Мы не знаем, какой ”первотолчок” получил Ньютон, когда приступил к своему ”Толкованию”, но у Сведа чётко зафиксирован им самим момент ”сдвига по фазе” — если под этим понимать не безусловное умопомешательство, а резкую переориентацию духовной направленности. Нечто подобное случилось с Гаутамой, когда он вдруг ощутил себя ”просветленным” – Буддой; откровение свыше сошло на Магомета, основателя ислама; о том же свидетельствует ряд эпизодов Ветхого и Нового Завета; аналогичное встречается в житиях религиозных подвижников. Как у человека традиционно религиозного, такое представление закрепилось и в душе Сведа. Как же свершился поворот в его интеллектуальной ориентации?

В один прекрасный день в одной из Лондонских таверн, где Свед был завсегдатаем, и где в его распоряжении была отдельная комната, в которой никто его не тревожил и он предавался размышлениям, следствие сытного обеда было неожиданным. Доверимся описаниям самого Сведа, осторожно предполагая это проявлениями галлюцинаций вследствие легкого нарушения мозгового кровообращения. ”Вся комната вдруг наполнилась туманом, в котором можно было различить ползающих по полу гадов, очевидно, змей”. Когда туман рассеялся, Свед увидел сидячего перед ним человека ”в ярком сиянии”, который вроде бы выговаривал Сведу за то, что тот ”пожадничал за обедом”, после чего Свед оказался в полной темноте, словно потерял зрение. Когда оно понемногу возвратилось, Свед поспешил домой, стал поститься и размышлять.
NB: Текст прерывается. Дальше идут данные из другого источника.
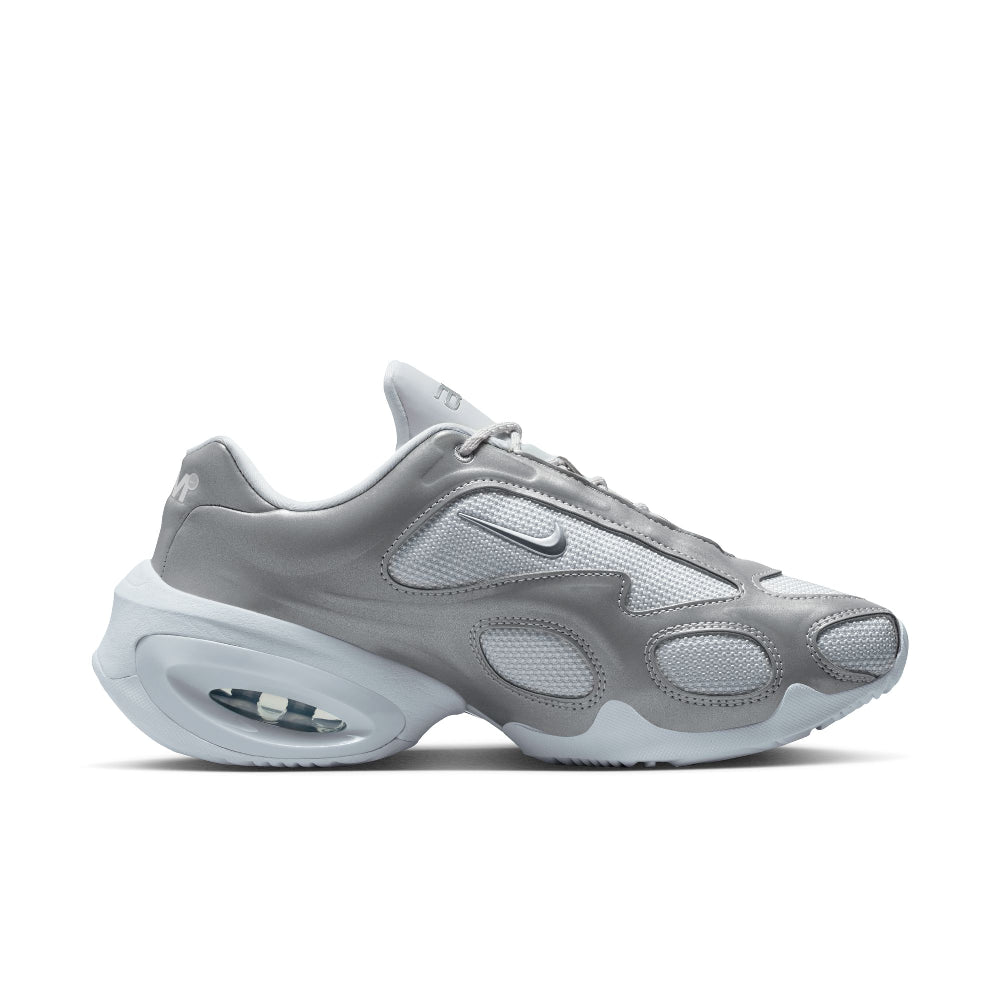 NIKE Air Max Muse Sneakers with Reflective Accents Grey IB2221-001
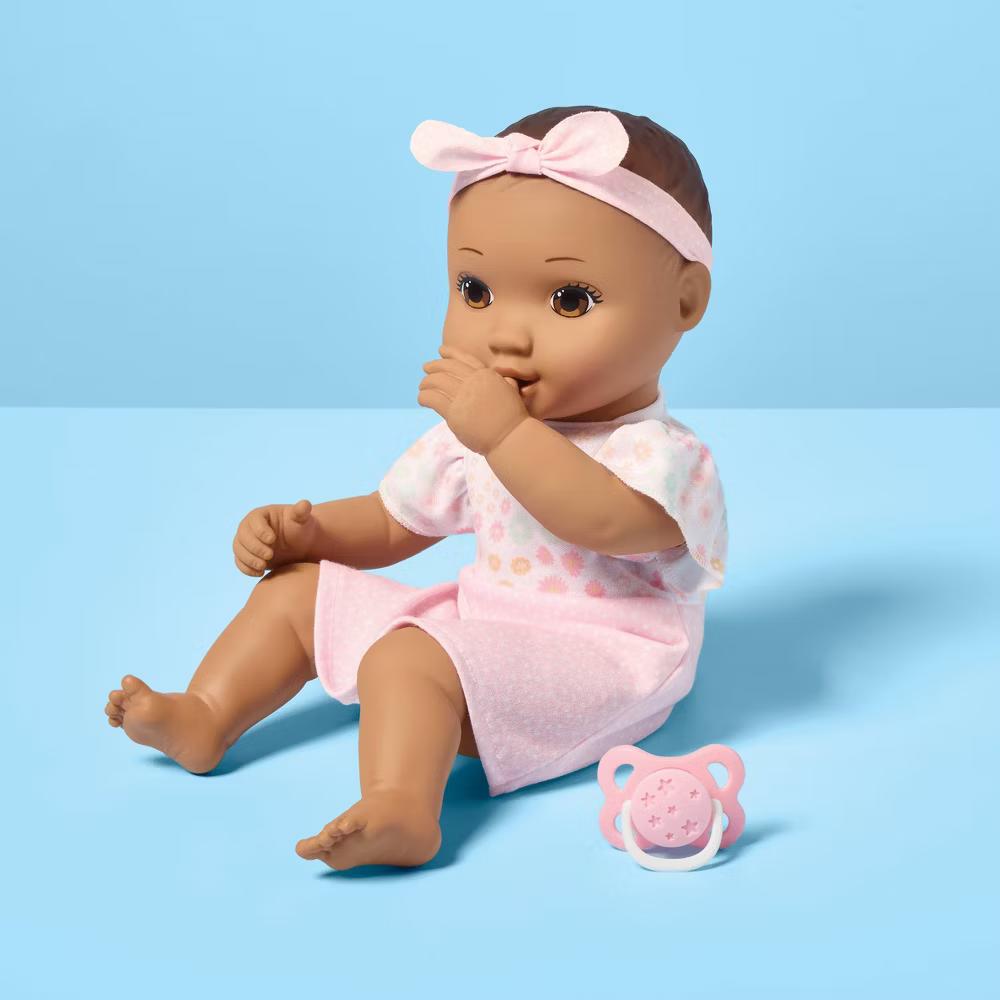 14" Girl Baby Doll - Image 11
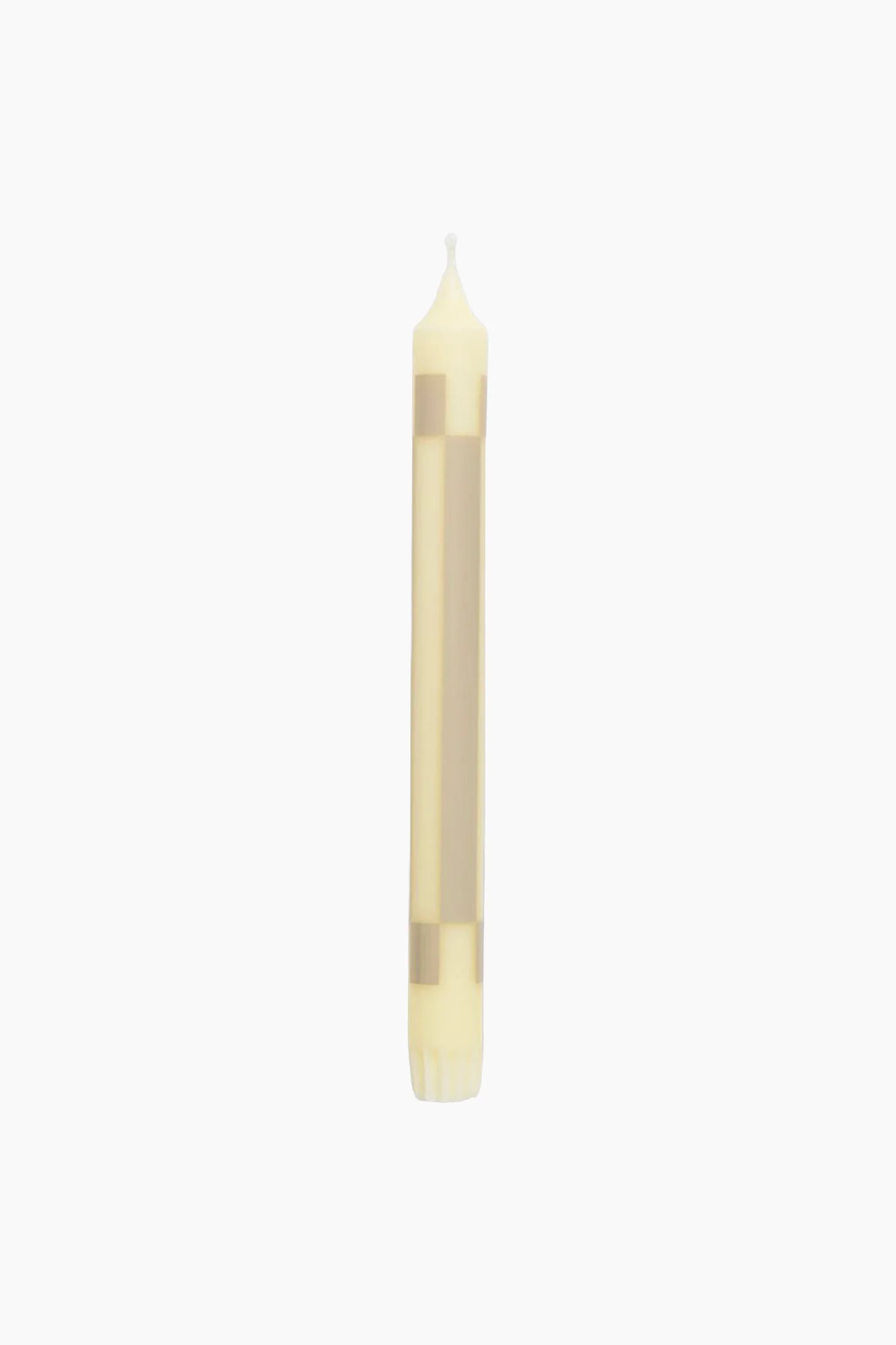 Pattern Taper Candle | 10 Colors - Image 5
И тут-то произошло главное. Вновь перед Сведом предстал тот самый сидящий человек, но уже в красной мантии, и объявил, что он не кто иной, как Господь Бог собственной персоной, и Свед избран Им для того, чтобы объяснить людям внутренний и духовный смысл Священного Писания. И — ”Я стану диктовать тебе это...” И у Сведа с тех пор ”открылись глаза внутреннего человека”. И отказавшись от продолжения службы и научных занятий, Свед уже до конца своей долгой жизни посвятил себя писанию ”Небесных тайн…”
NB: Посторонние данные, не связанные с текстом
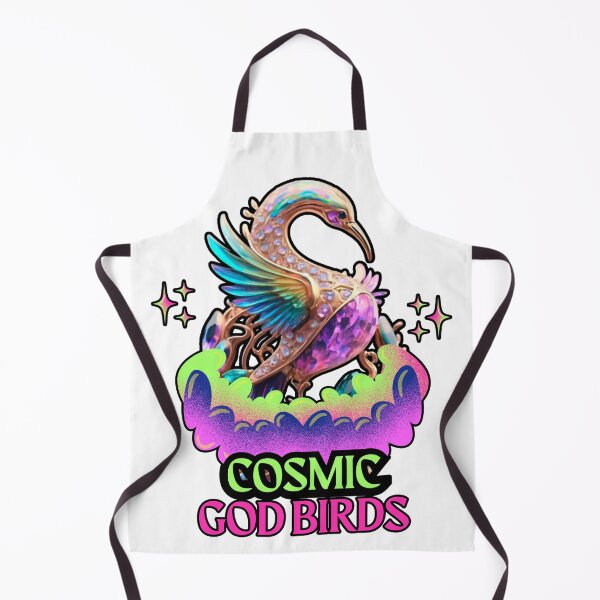 Item preview, Cosmic Bird designed and sold by PatronesKawai.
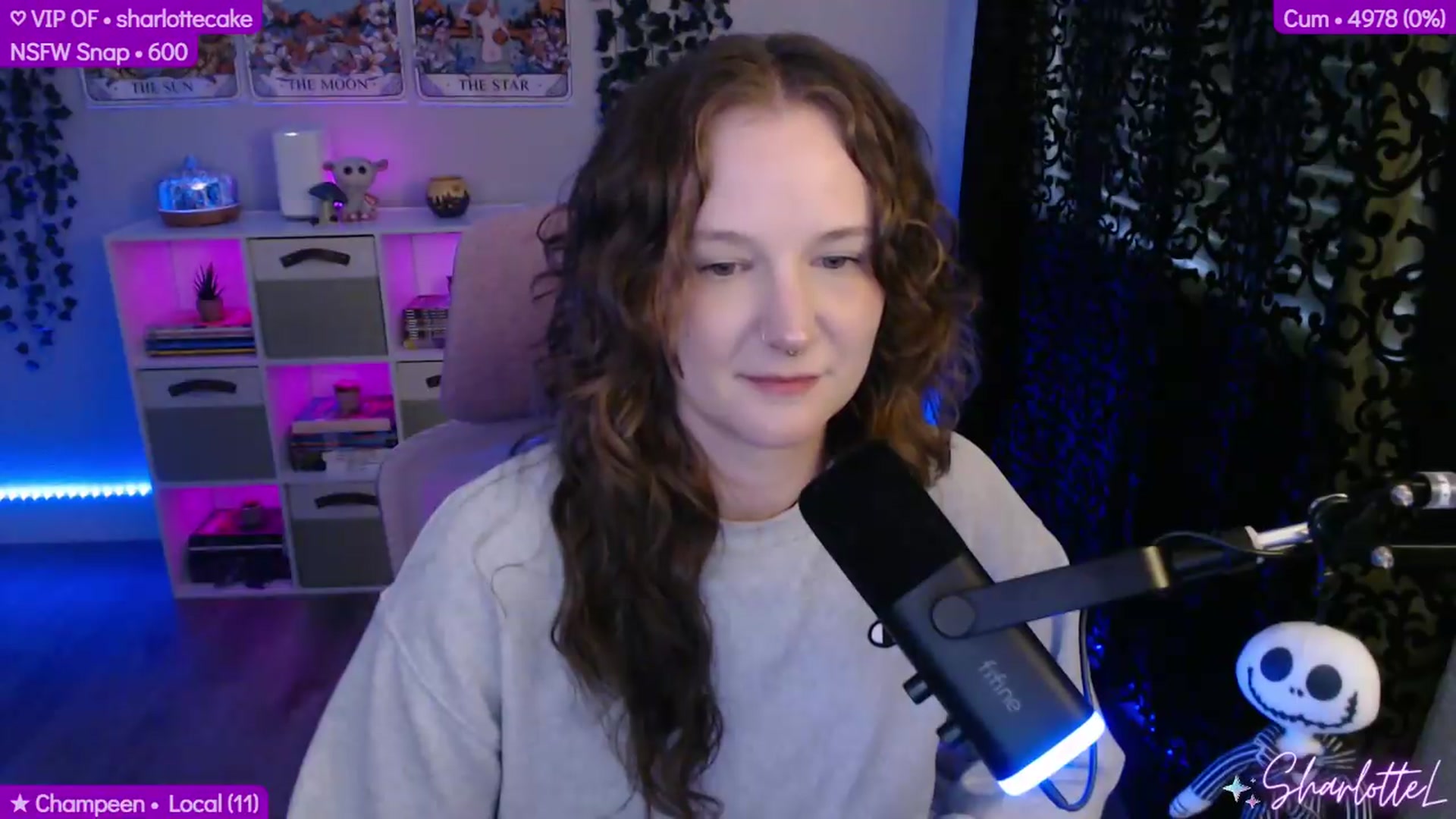 Gallery image thumbnail from SharlotteL's myfreecams stream on, 07/28/2026, 24:46 image 6 of 20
“… Ума холодных наблюдений…”

Эта давняя история может быть воспринята примерно так же, как рассказ в начале книги о ранней ягоде, то есть очень по-разному. Скажем, существующая и посейчас секта фанатичных поклонников Сведенборга — не сомневается в подлинности и истинности изложенного им — и о себе и о своих видениях. А кто-то сочтёт всё это, вслед за Кантом, страшной чепухой. Правда, если обратиться к анализу Кантом мистических творений Сведа, — там нет иронических полутонов: идёт или пересказ, без искажений сути оригинала, или резкие нелестные для автора эпитеты.
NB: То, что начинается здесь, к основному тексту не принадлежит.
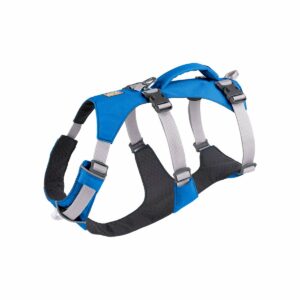 Ruffwear Geschirr Flagline Blue Dusk Medium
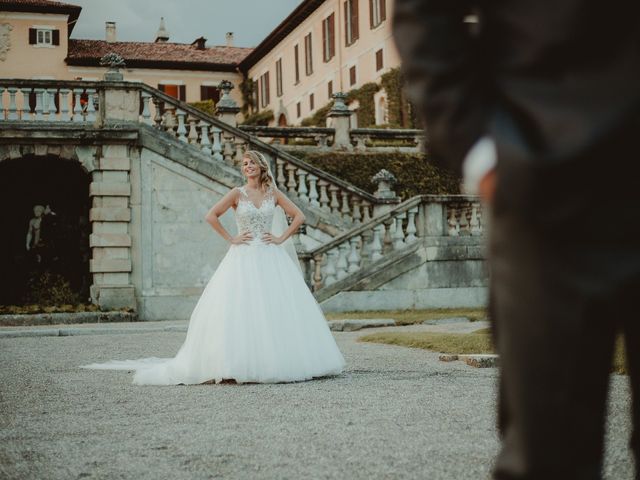 Il matrimonio di Stefano e Elena a Milano, Milano 27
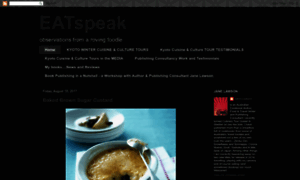 Eatspeakjl.blogspot.com thumbnail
И можно понять то недоумение, которое вызывали у серьёзного философа, и, вспомним, достаточно научно — на уровне той эпохи — подкованного, — описаний: общений запросто с потусторонним миром, с духами ”на дружеской ноге”; вот Свед прогуливается с очередным небожителем по улице, ведёт с ним беседы, но никто из прохожих и не подозревает — что за парочка ведёт диалог. Порой душа Сведа отправляется в поднебесную, так сказать в командировку на другие планеты ( в наше время иным гражданам инопланетяне предоставляют для этой цели сверхскоростной транспорт и своё сопровождение ), и там, вдали от родимой Земли также возможны интересные встречи с ушедшими в мир иной, в данном контексте — в иные миры.

Кант прямо не говорит об этом, но проскальзывает мысль, что столь безоговорочно преподносимые читателю бредни наводят на подозрения о возможной подтасовке тех вышеизложенных случаев, свидетелями которых были почтенные господа — не выдумщики и не пустомели. Но подчеркнём то, что прежде всего относится к репутации Сведа — как человека с необыкновенными способностями, причём чуть ли не во всех областях науки и заодно в сфере, можно сказать, вненаучной. Но тогда, и при возрастающем авторитете науки, не было чётко обозначенных границ между химией и алхимией, астрономией и астрологией, философией и теологией. К тому же, подобно чертям и ведьмам у простолюдинов, различные прорицатели и толкователи снов были, с позволения сказать, ”в законе”, и, добавим, время их не прошло. Врач бывал немножко знахарем и наоборот, предсказатель порой отчасти — гипнотизёром, священник — психотерапевтом...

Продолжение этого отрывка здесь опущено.